- What is expected: Type out the data again, word for word and in full.

- Raw data:
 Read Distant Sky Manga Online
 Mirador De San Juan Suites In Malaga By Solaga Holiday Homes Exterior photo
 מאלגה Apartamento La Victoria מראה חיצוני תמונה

- Answer for the task:
 Read Distant Sky Manga Online
 Mirador De San Juan Suites In Malaga By Solaga Holiday Homes Exterior photo
 מאלגה Apartamento La Victoria מראה חיצוני תמונה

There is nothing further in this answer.